El presidente de Colombia, Abelardo de la Espriella, afirmó este jueves que el terremoto que sacudió al país deja 289 personas fallecidas, según informó la agencia de noticias EFE. La cifra entregada por el jefe de Estado contrasta con las 304 víctimas mortales que había reportado el Instituto de Medicina Legal en su más reciente balance.
La divergencia entre ambos números no es menor. El Instituto de Medicina Legal es la entidad técnica encargada en Colombia de las identificaciones y dictámenes forenses, por lo que sus reportes suelen tomarse como referencia en tragedias de gran escala. Cuando la Presidencia difunde un balance distinto, se abre un interrogante sobre cuál es la metodología aplicada para cada conteo y si las dos instituciones están conciliando sus bases de datos.
Expertos en manejo de desastres consultados en otras emergencias similares coinciden en que durante las primeras semanas tras un sismo es habitual que las cifras varíen entre fuentes oficiales. Las razones son múltiples: víctimas que aparecen con el paso de los días, duplicados en los registros, personas que fallecen en centros de salud días después del siniestro y ajustes por procesos de identificación. La tarea de unificar un solo número suele quedar en manos de la Unidad Nacional para la Gestión del Riesgo de Desastres (UNGRD), que consolida los reportes de gobernaciones, alcaldías y entidades forenses.
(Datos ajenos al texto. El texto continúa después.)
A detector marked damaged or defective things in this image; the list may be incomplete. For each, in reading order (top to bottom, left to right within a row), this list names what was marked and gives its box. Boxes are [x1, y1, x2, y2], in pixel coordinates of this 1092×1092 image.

Hasta el momento, el Gobierno no ha detallado públicamente cómo se llegó a la cifra de 289 ni qué categorías de víctimas quedaron excluidas frente al reporte de Medicina Legal. Tampoco se ha precisado si esa diferencia corresponde a personas que fueron dadas por desaparecidas y luego se confirmó que estaban vivas, a errores de duplicación o a actualizaciones pendientes del propio Instituto.
La discrepancia tiene implicaciones directas para las familias de las víctimas. En Colombia, los procesos de reconocimiento, entrega de cuerpos y posterior reparación dependen de registros fidedignos. Una víctima que figure en un listado y no en otro puede ver demorados trámites como la certificación de defunción, la entrega de restos o el acceso a ayudas humanitarias definidas por el Sistema Nacional de Atención y Reparación Integral a las Víctimas, en los casos que correspondan.
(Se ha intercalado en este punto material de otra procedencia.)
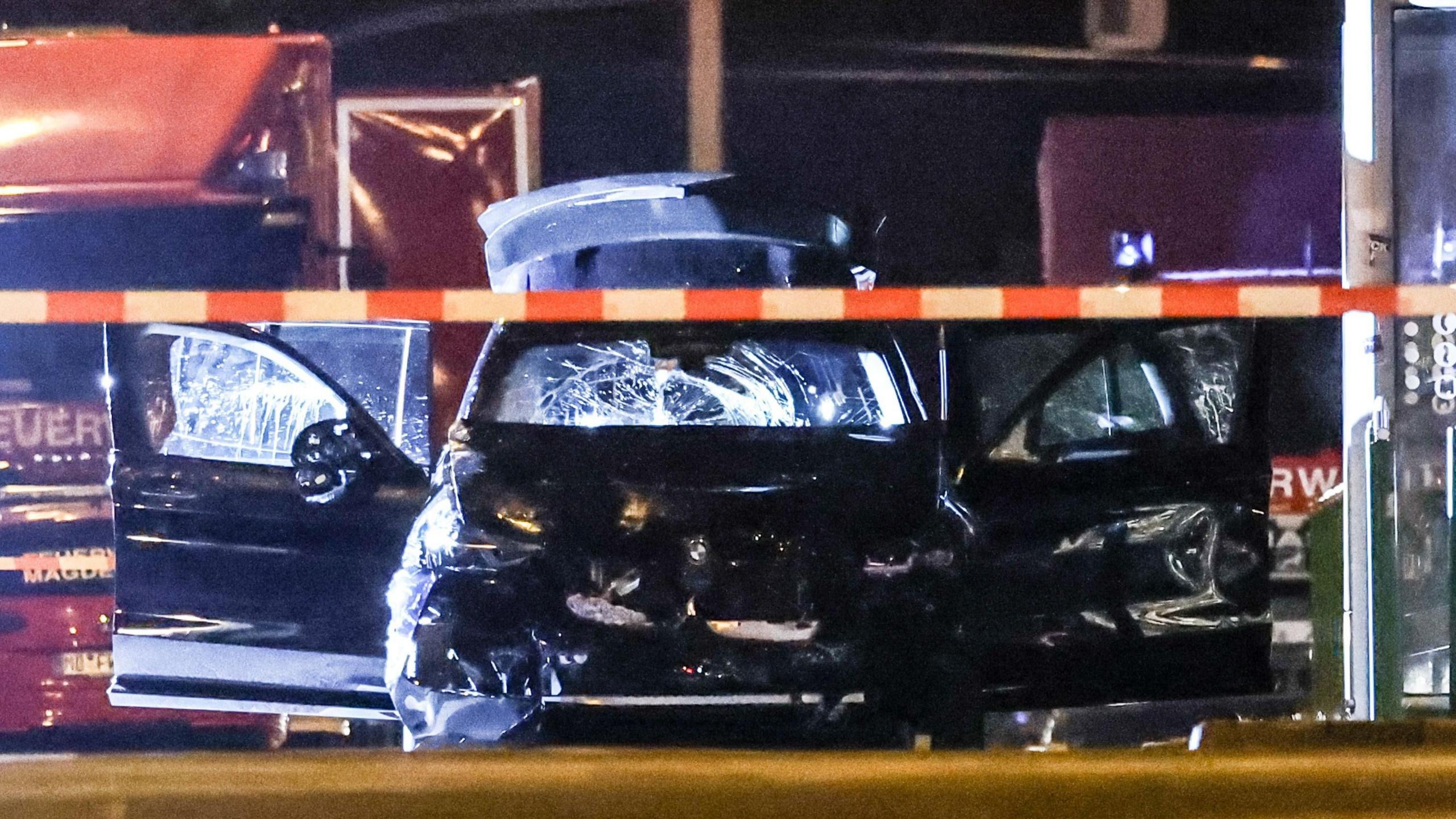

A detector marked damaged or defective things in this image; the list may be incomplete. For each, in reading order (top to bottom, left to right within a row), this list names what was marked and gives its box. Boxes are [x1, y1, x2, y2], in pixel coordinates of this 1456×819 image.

damaged door panel [106, 321, 430, 719]
broken headlight [405, 489, 541, 573]
heavily damaged black car [102, 314, 1265, 751]
shattered windshield [482, 339, 905, 428]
También pesa sobre la respuesta institucional. Los planes de atención de emergencia, las solicitudes de recursos ante organismos internacionales y los apoyos logísticos se dimensionan usualmente con base en las cifras oficiales. Si las proyecciones de damnificados e infraestructuras afectadas se calcularon sobre 304 fallecidos y luego se ajustan a 289, los indicadores de magnitud del desastre cambian y con ellos la lectura política y operativa de la emergencia.
El Ejecutivo no ha informado aún si convocará una mesa de trabajo con Medicina Legal, la UNGRD y el DANE para depurar las listas. Tampoco se conoce si el Ministerio del Interior, como cabeza del Sistema Nacional de Gestión del Riesgo, emitirá un comunicado unificado. Las reacciones en regiones golpeadas por el sismo, donde alcaldías y gobernaciones vienen manejando sus propios conteos, dependerán de esa aclaración técnica.
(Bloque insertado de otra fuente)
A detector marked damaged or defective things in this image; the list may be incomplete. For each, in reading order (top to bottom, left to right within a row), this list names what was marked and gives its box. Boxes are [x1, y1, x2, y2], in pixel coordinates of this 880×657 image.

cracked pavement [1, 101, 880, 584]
Por ahora, la frase del presidente se suma a una cadena de reportes parciales que ha rodeado la emergencia desde el primer día del sismo. Los colombianos esperan que las autoridades competentes aclaren el método y los criterios del nuevo balance, y que se defina una sola vocería para que la cifra de víctimas deje de moverse entre fuentes distintas.